Stored records
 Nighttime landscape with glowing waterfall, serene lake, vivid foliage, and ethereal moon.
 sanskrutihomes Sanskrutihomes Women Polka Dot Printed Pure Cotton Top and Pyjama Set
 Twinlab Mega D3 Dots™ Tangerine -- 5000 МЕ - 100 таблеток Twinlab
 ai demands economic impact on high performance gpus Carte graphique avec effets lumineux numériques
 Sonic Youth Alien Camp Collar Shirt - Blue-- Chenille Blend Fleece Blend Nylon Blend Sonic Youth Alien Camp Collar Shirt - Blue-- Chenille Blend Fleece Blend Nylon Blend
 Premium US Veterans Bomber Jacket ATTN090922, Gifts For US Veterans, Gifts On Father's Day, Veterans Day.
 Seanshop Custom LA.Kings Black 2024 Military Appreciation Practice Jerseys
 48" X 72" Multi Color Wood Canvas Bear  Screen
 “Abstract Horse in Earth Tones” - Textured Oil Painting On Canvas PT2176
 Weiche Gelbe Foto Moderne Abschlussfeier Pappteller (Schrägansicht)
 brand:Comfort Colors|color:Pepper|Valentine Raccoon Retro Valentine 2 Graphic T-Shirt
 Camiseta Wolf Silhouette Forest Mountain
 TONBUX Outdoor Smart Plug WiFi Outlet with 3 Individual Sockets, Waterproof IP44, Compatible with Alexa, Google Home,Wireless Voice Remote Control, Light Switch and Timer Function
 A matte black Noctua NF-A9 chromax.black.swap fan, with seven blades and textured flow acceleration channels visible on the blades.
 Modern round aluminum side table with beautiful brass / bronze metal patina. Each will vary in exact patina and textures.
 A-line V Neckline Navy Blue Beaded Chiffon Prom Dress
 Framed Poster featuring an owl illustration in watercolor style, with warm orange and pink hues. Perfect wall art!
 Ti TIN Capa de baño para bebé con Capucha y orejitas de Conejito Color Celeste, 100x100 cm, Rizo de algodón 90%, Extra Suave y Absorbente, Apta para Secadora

*TASK ITEM*
Copy every line of the records above, starting with the first, up to and including the line containing "Weiche Gelbe Foto".

*EXERCISE RESULT*
 Nighttime landscape with glowing waterfall, serene lake, vivid foliage, and ethereal moon.
 sanskrutihomes Sanskrutihomes Women Polka Dot Printed Pure Cotton Top and Pyjama Set
 Twinlab Mega D3 Dots™ Tangerine -- 5000 МЕ - 100 таблеток Twinlab
 ai demands economic impact on high performance gpus Carte graphique avec effets lumineux numériques
 Sonic Youth Alien Camp Collar Shirt - Blue-- Chenille Blend Fleece Blend Nylon Blend Sonic Youth Alien Camp Collar Shirt - Blue-- Chenille Blend Fleece Blend Nylon Blend
 Premium US Veterans Bomber Jacket ATTN090922, Gifts For US Veterans, Gifts On Father's Day, Veterans Day.
 Seanshop Custom LA.Kings Black 2024 Military Appreciation Practice Jerseys
 48" X 72" Multi Color Wood Canvas Bear  Screen
 “Abstract Horse in Earth Tones” - Textured Oil Painting On Canvas PT2176
 Weiche Gelbe Foto Moderne Abschlussfeier Pappteller (Schrägansicht)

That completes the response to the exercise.